There’s a good case for an iPhone that costs less. But with this lower cost, developers fear that device specifications will suffer:
If Apple really wants to compete with Android in the cheap device market, they’re gonna need to start selling iPhones with iOS 4 again.
— Nick Arnott (@noir) August 14, 2013
As someone who’s actively working on an iOS 7 update, I’m noticing a definite pattern emerging: we’re removing a lot of shadows, gradients, and transparency. A lot of views that were previously required to make an app look at home on iOS 6 are no longer needed.
The visual simplification of iOS has led directly to a simplified implementation. As every developer knows, the less work your app does on a mobile device, the better it performs. It’s a lot easier now to make an app that feels fluid and uses less CPU and GPU resources.
While everyone focuses on what Jony Ive has put on the screen, he’s also made the hardware under that screen able to do more with less. And yet again, Apple’s tight integration of hardware and software is going to kick everyone’s ass.
Updated August 14th, 2013: A lot of Twitter followers are saying, “But what about the live blurs? Aren’t those CPU/GPU intensive?”
Yes, they are. And you should also note that access to those features is strictly through private API. An iPhone 4 turns off blur, an iPhone 5C could do the same if necessary.

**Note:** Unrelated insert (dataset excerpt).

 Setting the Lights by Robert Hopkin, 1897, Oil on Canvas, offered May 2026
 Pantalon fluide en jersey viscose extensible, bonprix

(If you look closely at the blur behind a toolbar, you notice that there’s some kind of sub-sampling of the screen image. Because this implementation is private, the algorithm could also be adapted for other devices.)
There’s also the question of all the new dynamics in the UI (like bouncy messages.) The highest costs in a GPU, both with computation and hardware components, is with dealing a lot of textures. The math for a physics engine is relatively easy to handle.